### The task
All of the data below should come back exactly as written, minus its images.

### Material provided
════════════════

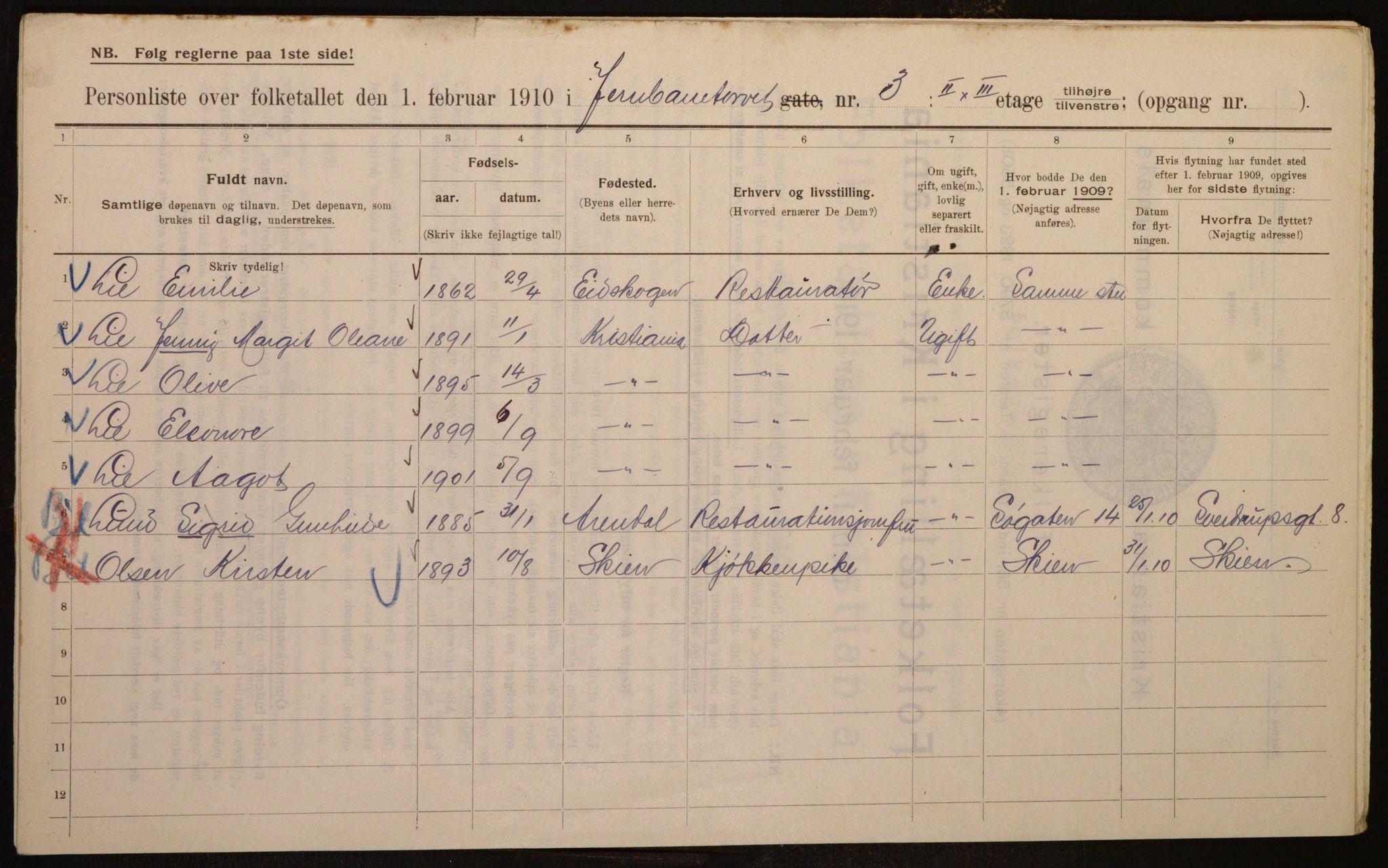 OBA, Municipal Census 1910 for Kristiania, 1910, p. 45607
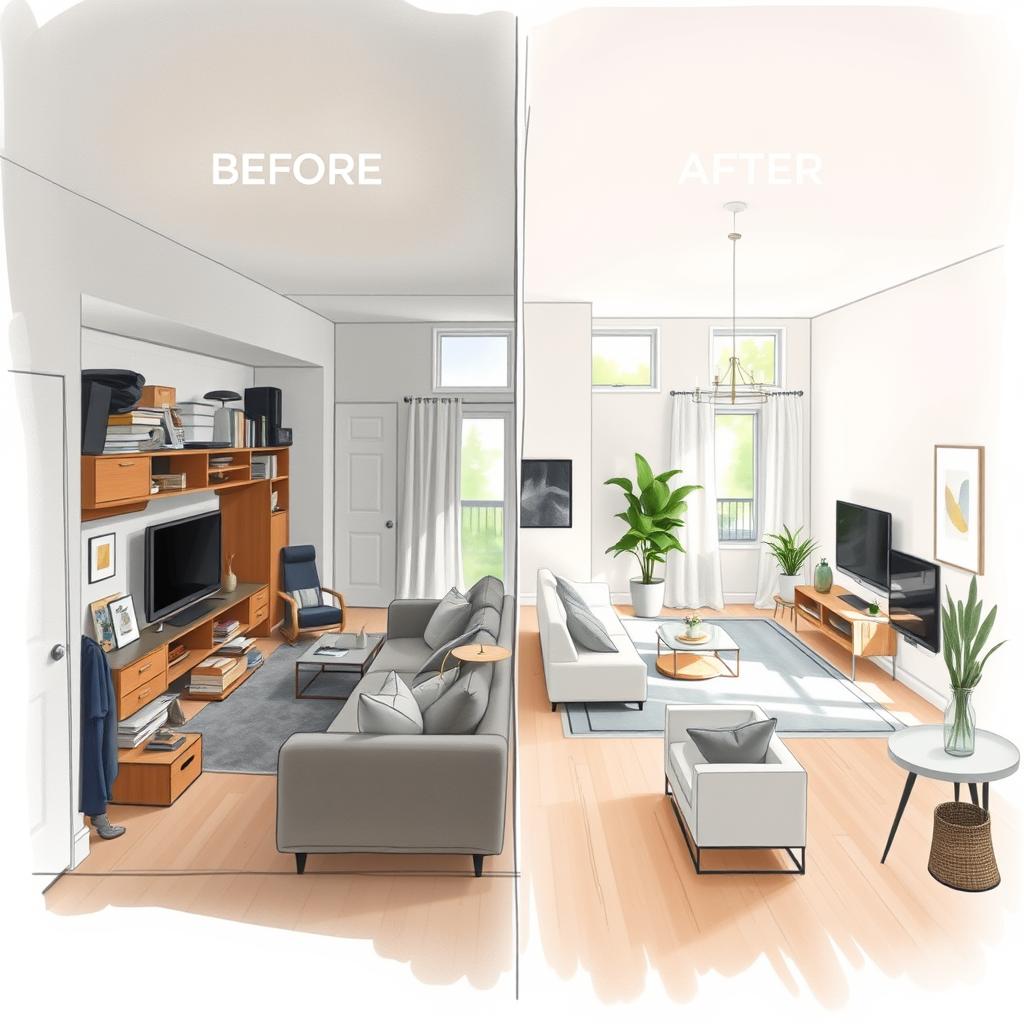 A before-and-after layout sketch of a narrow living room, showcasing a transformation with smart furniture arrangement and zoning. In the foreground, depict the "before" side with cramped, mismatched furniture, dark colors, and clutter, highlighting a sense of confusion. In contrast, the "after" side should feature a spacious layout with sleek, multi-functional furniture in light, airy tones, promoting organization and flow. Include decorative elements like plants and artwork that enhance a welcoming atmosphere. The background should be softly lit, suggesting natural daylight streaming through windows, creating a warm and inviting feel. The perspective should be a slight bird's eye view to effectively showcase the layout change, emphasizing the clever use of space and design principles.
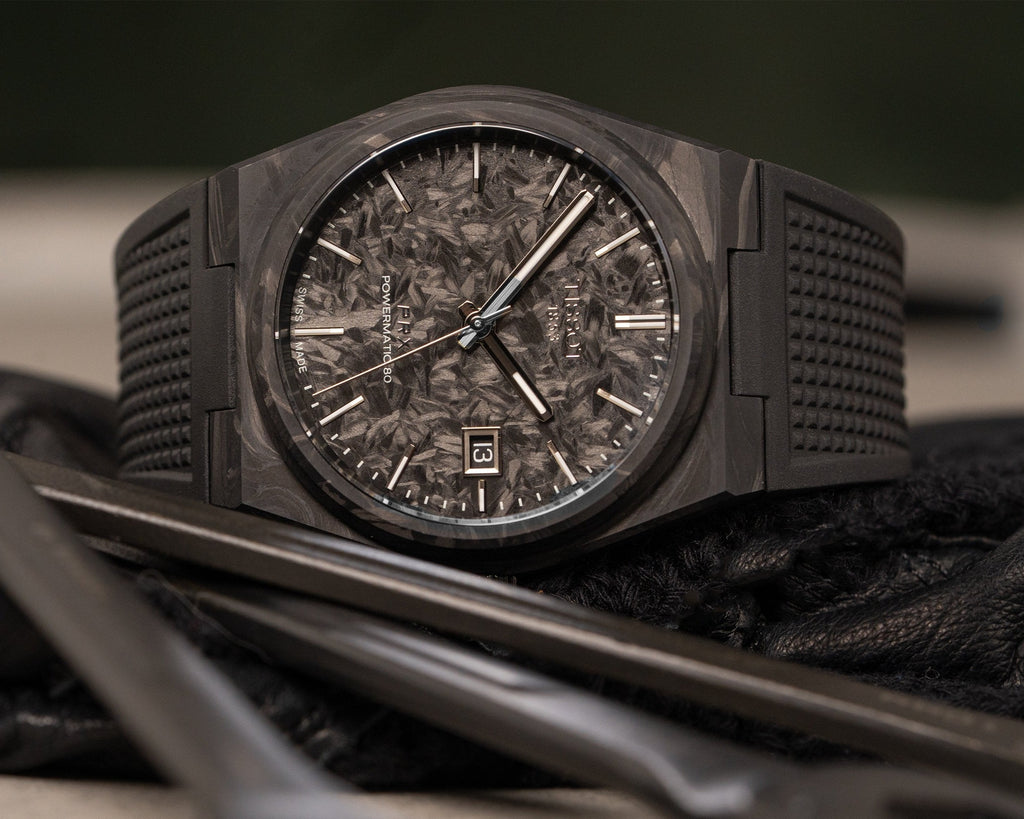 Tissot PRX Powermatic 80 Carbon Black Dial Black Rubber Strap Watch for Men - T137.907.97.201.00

════════════════

### Answer to this task
 OBA, Municipal Census 1910 for Kristiania, 1910, p. 45607
 A before-and-after layout sketch of a narrow living room, showcasing a transformation with smart furniture arrangement and zoning. In the foreground, depict the "before" side with cramped, mismatched furniture, dark colors, and clutter, highlighting a sense of confusion. In contrast, the "after" side should feature a spacious layout with sleek, multi-functional furniture in light, airy tones, promoting organization and flow. Include decorative elements like plants and artwork that enhance a welcoming atmosphere. The background should be softly lit, suggesting natural daylight streaming through windows, creating a warm and inviting feel. The perspective should be a slight bird's eye view to effectively showcase the layout change, emphasizing the clever use of space and design principles.
 Tissot PRX Powermatic 80 Carbon Black Dial Black Rubber Strap Watch for Men - T137.907.97.201.00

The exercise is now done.